### Supplied data
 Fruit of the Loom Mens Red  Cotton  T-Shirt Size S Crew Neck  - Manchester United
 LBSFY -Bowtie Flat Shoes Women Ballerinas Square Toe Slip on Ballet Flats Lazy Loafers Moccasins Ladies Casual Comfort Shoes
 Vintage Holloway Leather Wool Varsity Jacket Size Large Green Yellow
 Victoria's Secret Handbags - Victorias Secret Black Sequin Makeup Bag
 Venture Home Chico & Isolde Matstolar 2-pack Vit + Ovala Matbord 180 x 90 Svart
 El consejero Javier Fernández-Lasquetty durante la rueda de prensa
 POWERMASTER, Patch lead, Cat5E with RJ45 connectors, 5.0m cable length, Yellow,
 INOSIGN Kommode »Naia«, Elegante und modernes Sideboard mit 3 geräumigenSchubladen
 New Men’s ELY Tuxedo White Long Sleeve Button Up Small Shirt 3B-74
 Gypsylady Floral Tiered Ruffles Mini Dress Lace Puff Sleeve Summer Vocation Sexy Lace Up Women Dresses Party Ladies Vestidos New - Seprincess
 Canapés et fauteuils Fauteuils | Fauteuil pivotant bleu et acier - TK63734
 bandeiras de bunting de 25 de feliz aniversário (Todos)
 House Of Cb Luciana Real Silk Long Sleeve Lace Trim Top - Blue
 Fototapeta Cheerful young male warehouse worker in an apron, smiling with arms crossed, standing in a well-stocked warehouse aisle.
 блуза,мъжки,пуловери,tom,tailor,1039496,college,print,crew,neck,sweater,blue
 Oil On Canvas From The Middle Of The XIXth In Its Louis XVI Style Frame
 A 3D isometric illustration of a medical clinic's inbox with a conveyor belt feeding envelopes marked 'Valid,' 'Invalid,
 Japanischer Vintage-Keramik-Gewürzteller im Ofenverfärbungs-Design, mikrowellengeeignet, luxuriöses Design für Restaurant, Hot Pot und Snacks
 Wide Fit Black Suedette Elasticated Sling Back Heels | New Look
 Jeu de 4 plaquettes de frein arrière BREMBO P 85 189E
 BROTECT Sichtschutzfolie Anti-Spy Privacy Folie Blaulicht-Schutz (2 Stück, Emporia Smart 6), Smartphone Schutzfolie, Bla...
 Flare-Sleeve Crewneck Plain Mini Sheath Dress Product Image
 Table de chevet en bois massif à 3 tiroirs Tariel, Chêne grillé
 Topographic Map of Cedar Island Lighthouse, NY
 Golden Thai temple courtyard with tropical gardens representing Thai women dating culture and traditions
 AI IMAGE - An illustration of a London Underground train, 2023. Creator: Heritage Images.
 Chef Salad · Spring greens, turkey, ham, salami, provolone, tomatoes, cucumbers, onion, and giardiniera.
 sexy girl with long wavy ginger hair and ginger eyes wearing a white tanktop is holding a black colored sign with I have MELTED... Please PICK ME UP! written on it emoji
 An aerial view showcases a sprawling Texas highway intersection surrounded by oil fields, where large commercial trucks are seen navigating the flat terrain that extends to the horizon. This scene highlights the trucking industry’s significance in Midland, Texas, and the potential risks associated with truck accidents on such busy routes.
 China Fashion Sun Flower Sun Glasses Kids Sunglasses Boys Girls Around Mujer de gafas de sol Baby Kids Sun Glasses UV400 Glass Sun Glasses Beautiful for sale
######
Work to complete:
Among the records above, repeat exactly the line with "Fototapeta Cheerful young", the line with "A 3D isometric", and every line in between, and only those.

Result:
 Fototapeta Cheerful young male warehouse worker in an apron, smiling with arms crossed, standing in a well-stocked warehouse aisle.
 блуза,мъжки,пуловери,tom,tailor,1039496,college,print,crew,neck,sweater,blue
 Oil On Canvas From The Middle Of The XIXth In Its Louis XVI Style Frame
 A 3D isometric illustration of a medical clinic's inbox with a conveyor belt feeding envelopes marked 'Valid,' 'Invalid,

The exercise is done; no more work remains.